First Moblin V2 Netbook Launches 70
nerdyH writes "The first netbook preinstalled with Moblin v2 for Netbooks will launch next week, possibly at Intel Developer Forum (IDF) in San Francisco, or else the Linux Foundation's LinuxCon in Portland. Then, within the next couple of weeks, the Moblin Project will release the first stable release of the Moblin v2 Linux distribution, which began beta testing in May."
Concept best applied as a shell/containment (Score:5, Insightful)
Instead of a distro, I'd rather see the Moblin concepts applied as a shell in Gnome and/or a containment in KDE 4. This is much nicer than the netbook containment concept I see the KDE 4 guys currently kicking around. However, as a complete distro, it suddenly requires package maintainers and much more support overhead. In that regard, Moblin seems to fall short.
Re:Concept best applied as a shell/containment (Score:1, Insightful)
I once went looking for an API to their shell infrastructure, curious as to how extensible it was and how to write my own activities for it. But on their site they only provided links to documentation to existing libraries they use. I didn't look at the actual code but I have a bad feeling it's just a monolithic application and not an extensible desktop environment.
Once again a geeky name sinks good product (Score:4, Insightful)
Moblin? What is it - a combination of "goblin" and a "mob"? No matter how I read it, the associations I get are just very negative. Can't sell a product with a name like that.
Re:Not really very interesting (Score:3, Insightful)
Just a waste of time, this moblin thing.
Correct, because everyone is just like you.
Re:Concept best applied as a shell/containment (Score:4, Insightful)
I just want Moblin's atom optimizations and boot speed improvements rolled in to Ubuntu Netbook Remix. I'm pretty happy with UNR on my Acer Aspire One, and as much as I disliked the stock install of Linpus, it *did* have much better battery life and bootup times.
I don't want the stupid UI running on top of another distro, I want the under-the-hood improvements.
Different.. (Score:5, Insightful)
On the server I really think that all the above is important, and I'm in not hurry to see any of that change. However on the desktop all these marginally different distributions provide very little compelling reason to use one over the other and honestly without the branding (or having installed it myself) I'd be hard pressed to tell you which distribution I might be using at any given instance.

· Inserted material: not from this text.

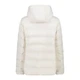 Куртка CMP Women's Padded Down Jacket with Hood M White (1097-35K3666-A143 40) - изображение 3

In the cases of commercial distributions aiming at the desktop, like Ubuntu or Mandriva I really see this a failure build on the advantages made available by open source software. Canonical could risk designing an operating system based on this wealth open source software, but instead they choose to focus on packaging and polishing disparate pieces of existing software, designed my a multitude of people for a for an even greater variety of reasons.
Distributions succeed at being usable collections of polished software, but they fail at being what I'd consider true operating systems because of the nature of their design and I for one hope that we continue to see more movement in projects aiming at the mobile and netbook market where it seems to be considered more important (or more plausible) to design the operating systems interface.
Granted, I'm not suggesting I'd like to see change for the sake of change but I would like to see a more serious attempt at OS design coming from somewhere in the Linux distribution space and right now that seems to be happening in the mobile space on platforms like Android and Moblin and I believe that the risk of good design could be a sea-change that doesn't just push Linux onto the desktop, but answers the question once and for all about the idea of a widely used free software platform. It simply makes too much economic sense.
Re:NOT READY, DO NOT WANT (Score:3, Insightful)
We're talking about a 900 MHz coppermine celeron here, it is plenty fast for the kinds of machines commonly available in a handheld. Intel made it, two years is really not that long, they should not crap on it. But seriously, it ran like shit on the Aspire One D250.